The debate over which is the more powerful next-gen games console has been raging for over a year, but in the last few weeks we've finally been able to pore over some first-hand evidence. The Call of Duty 3 conversions to Xbox 360 and PS3 are more closely comparable, perhaps, than many fanboys on either side would have predicted. More interesting is the unspoken rivalry between Gears of War and Resistance: Fall of Man - two showboating titles with similar themes and environments.
One thing has become clear. Totting up specs isn't going to help us choose a winner. On paper, PS3 has more raw processing grunt than Xbox 360, but at the moment - with second generation titles under their belts - developers seem to be extracting more performance out of Xbox 360. That's natural considering their greater experience with the platform. The question is, how much further can Xbox go?

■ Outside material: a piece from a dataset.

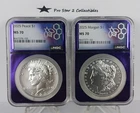 2025 Morgan-Peace Dollar two coin Set MS 70 traderbea Label NGC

Frankly, the only views that matter in this debate are those of programmers who have experience with next-gen hardware. So this week Guardian.co.uk spoke to Richard Hackett a head of technology at Blitz Games about his experiences with both machines. He feels that CELL has an ace up its sleeve and it's not something you might have predicted...

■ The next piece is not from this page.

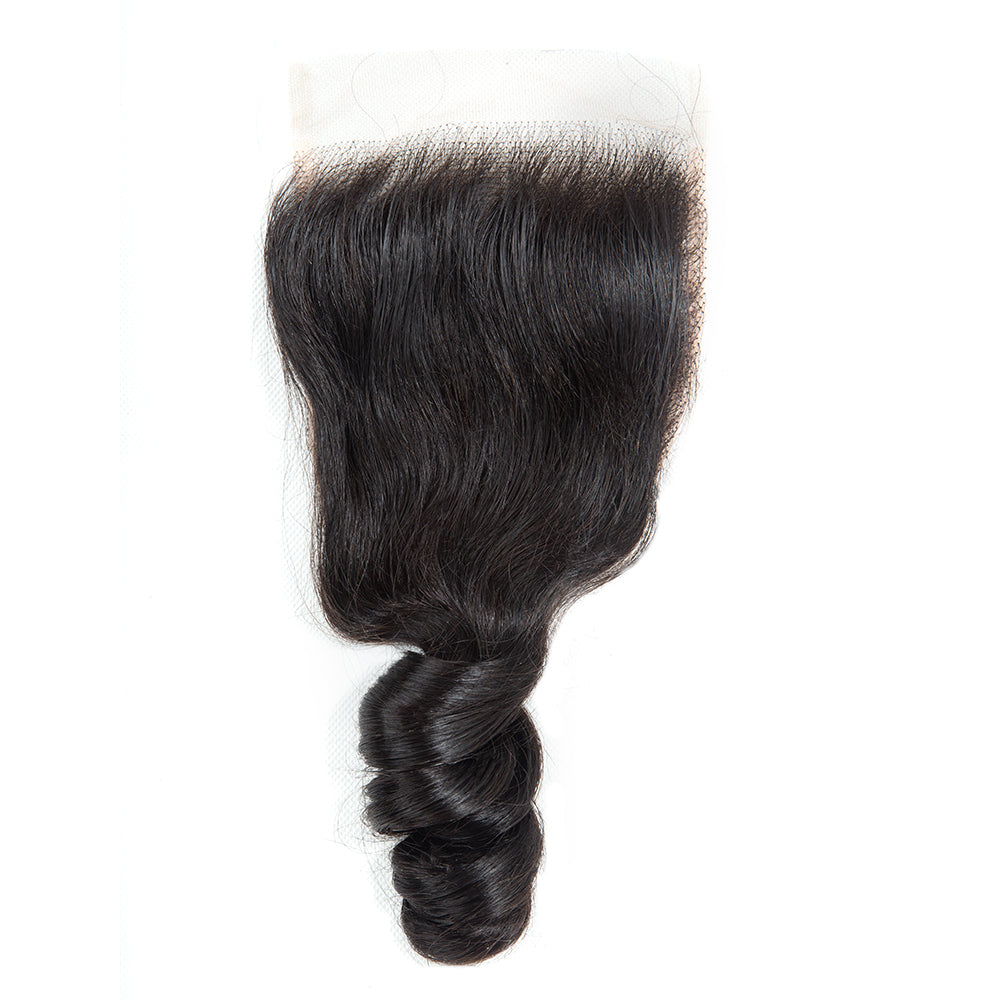 JP Hair 5x5 HD Lace Cloure Loose Wave Small Knots 100% Human Hair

"As a result of the kind of processing power we have available we're going to see a lot more procedurally generated effects and dynamic visuals than we've seen before. This means not all game visuals will be created by an artist in the traditional way, an increasing amount will be created in real-time from algorithms and parameters.To make sure the artists stay in control and we don't resort to graphics created only by programmers (which is often a bad thing), we're working on systems for artists to create and edit these systems themselves without needing a degree in Software Engineering."
"Certain procedural effects are easier to create on the PS3 because of the power of the SPEs. Effects like water simulations, especially when you move beyond simple surface effects to fluid dynamics require the kind of algorithms that are really suited to the CELL architecture. Having said that the slightly more flexible GPU and unified memory model on X360 allows some neat tricks that level the playing field somewhat. It will be interesting to see what emerges with video processing and EyeToy as well - CELL is designed for streaming and image processing applications in mind. I think we'll see both new visuals and game play out of that. As an aside the audio technology running on CELL created by the guys in the SCEE Technology Group in London is pretty amazing, opening out loads more possibilities for real-time audio effects to enhance the visuals, something that is often overlooked but is an important part of increasing gamer immersion."